Even with plenty of recent bad news from Gaza, events in the territory on Friday were particularly shocking: Hamas, the militant party that controls the Gaza Strip, dragged seven suspected Israeli collaborators behind a mosque and shot them, execution-style, in public.
Eleven more suspected spies were secretly killed by a firing squd.
The executions came after three top Hamas commanders were killed by an Israeli airstrike this week. The three men — Mohammed Abu Shamaleh, Mohammed Barhoum and Raed al-Attar — traveled covertly, often underground, with very few people knowing their whereabouts. Losing them "was a huge embarrassment for Hamas,” says reporter Daniel Estrin in Jerusalem. “And it demonstrated just how deep the Israeli intelligence has penetrated this organization.”
There's even suspicion that Israel has a mole inside Hamas, Estrin says. But if information was passed to Israel, no one yet knows who did the passing.
“We don’t have any idea who these people are,” he says. “They could have been people already in Hamas jails who were suspected of spying for Israel and just brought out and killed." They might also have been members of the rival Fatah party who have been captured and tortured in the past.
Hamas says they aren't announcing the names of the people they executed in order to protect their families from retribution. But Estrin thinks the identities are less important than the message Hamas is putting out: You can't escape punishment for helping Israel.
Israel relies on Palestinian informants on the ground in Gaza, though no one knows just how deep or wide the informant network goes. Estrin says one of his sources did talk with him about the network, albeit cryptically. But Estrin could infer from the informant’s words that there are fewer informants in Gaza than the number of so-called informants executed by Hamas during the war.
The low number is due to the difficulty of recruiting people in Gaza: The place is pretty much sealed off. With no Israeli presence in the area, Israel can't do much recruiting, and would-be informants can't get in touch with potential handlers.

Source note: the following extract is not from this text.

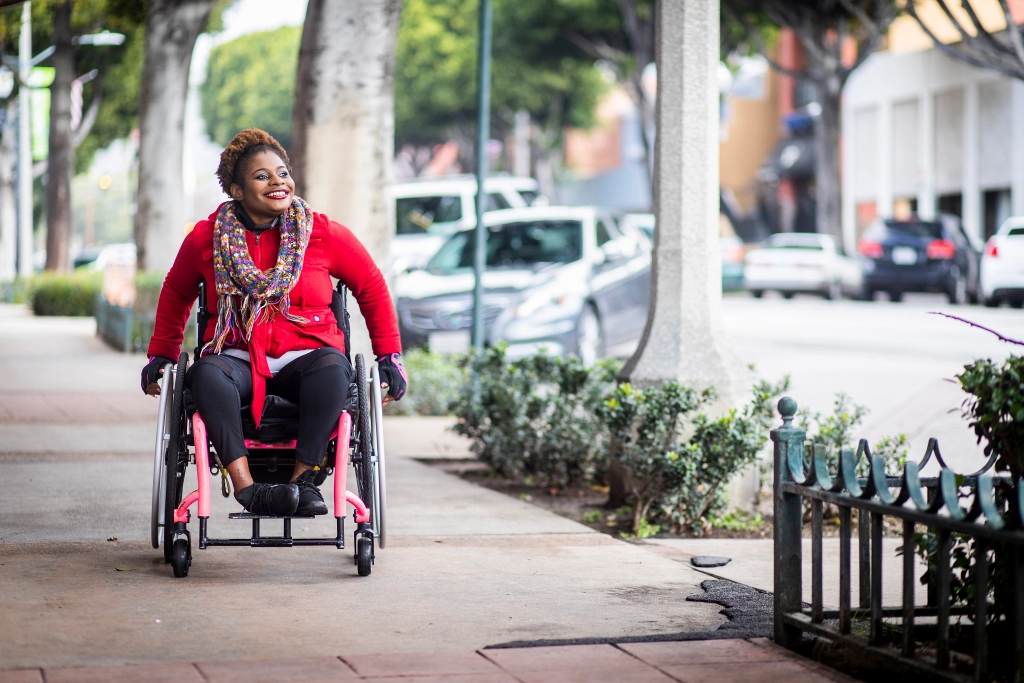 A woman uses a wheelchair on a city sidewalk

It’s still uncertain what the deaths of Hamas leaders might do to the organization's fighting force. Plenty of rockets were fired at Israel on Friday, including one that killed a 4-year-old Israeli boy. But Estrin says some analysts in Israel think it will be difficult for Hamas to find and train good replacements for these top commanders.
Between the loss of top officers and the prospect of Israel intelligence coups, Estrin says, the news "really has Hamas jittery right now."